BENGALURU: Welcoming the state government’s moratorium on change in land use in Western Ghats bound districts of Karnataka, environmental experts and forest officials call for stricter adherence to ESZ rules in these districts. They say that rampant conversion of lands in the Malnad belt followed by decreased vegetation had caused landslides following heavy rains.
A forest official said, “With the government temporarily halting land conversions, it demonstrates their late realisation that fragile ecosystems cannot bear such rampant developmental activity. Encroachments, continuous clearance of vegetation and conversions have taken a toll on these hilly areas leading to man made disasters.”
Environmentalist Sundar Muthanna added, “Let us hope in future they will allow only existing landowners to build homes and not resorts. Investors have exploited the land by converting paddy, coffee and forest lands to resorts; exploited groundwater to the hilt and made the hills unstable.”
Geological experts say heavy rains and maybe last month’s tremor have triggered landslides in areas that developed fractures.
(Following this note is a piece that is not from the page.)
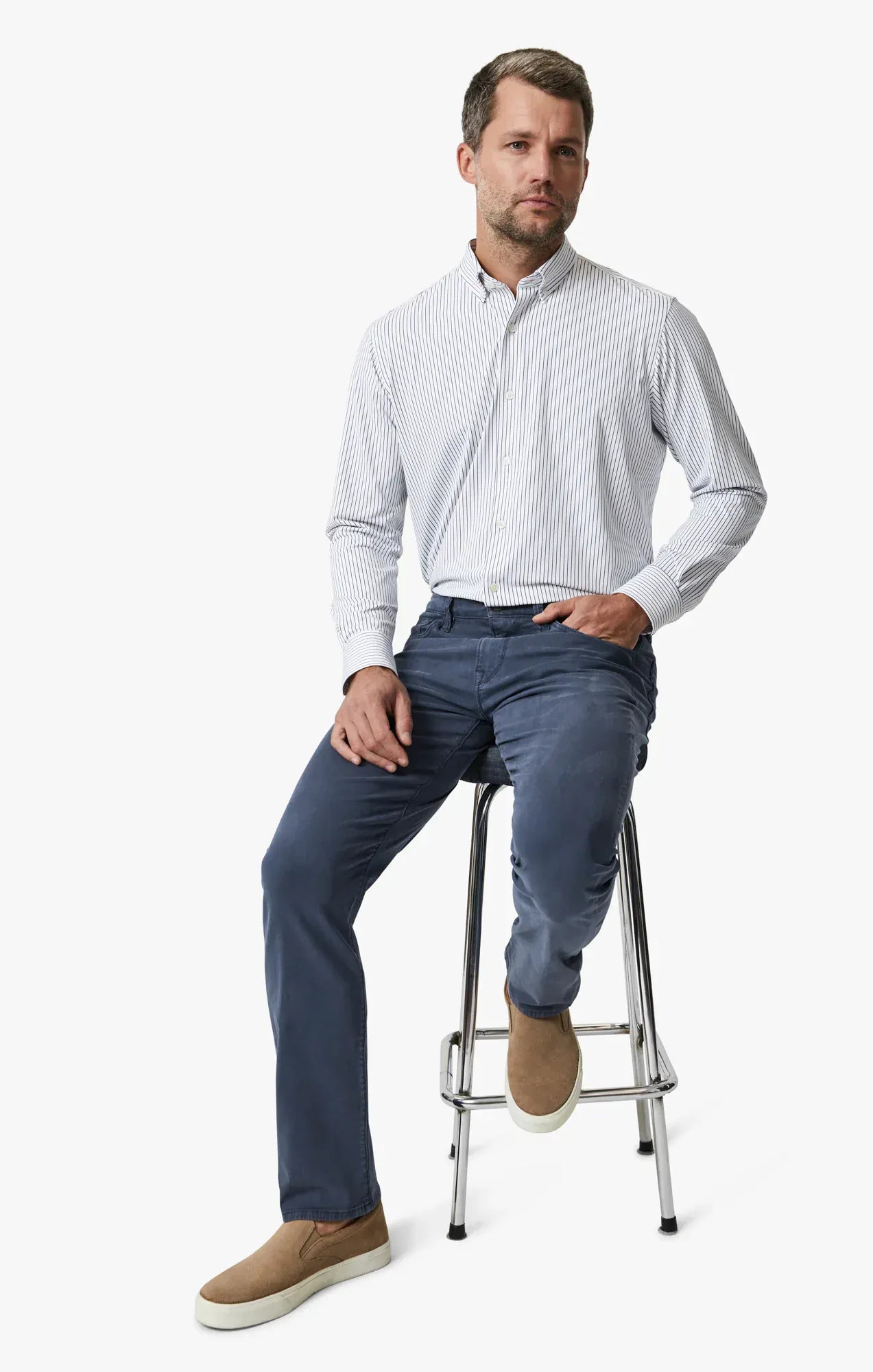 34 Heritage 5-Pockets Courage Straight Leg Pants In Dark Denim Twill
Geologist G Sitaram said the topography of Kodagu is sensitive and any change in land use can cause landslide. “Decreasing vegetation on slopes is the main cause for landslides. During heavy rains, when water percolates the slopes, it results in erosion of soluble mineral salts in the rock mass, thereby creating fractures. This disturbs the strength of the slopes, resulting in landslides.”
This week, Kodagu has seen sliding of houses - all because of drastic changes in the topography, said Vijayalakshmi B, geographer. “There is no vegetation to bind the soil. People should plant trees around their houses as they do in Ooty. This is nothing but a man made disaster.”
Experts say just like ‘stepped farming’ is done in tea and coffee gardens in hilly areas with contour bounding that can hold the soil intact during heavy rains, this method should be mandatorily adopted in hilly areas such as Kodagu.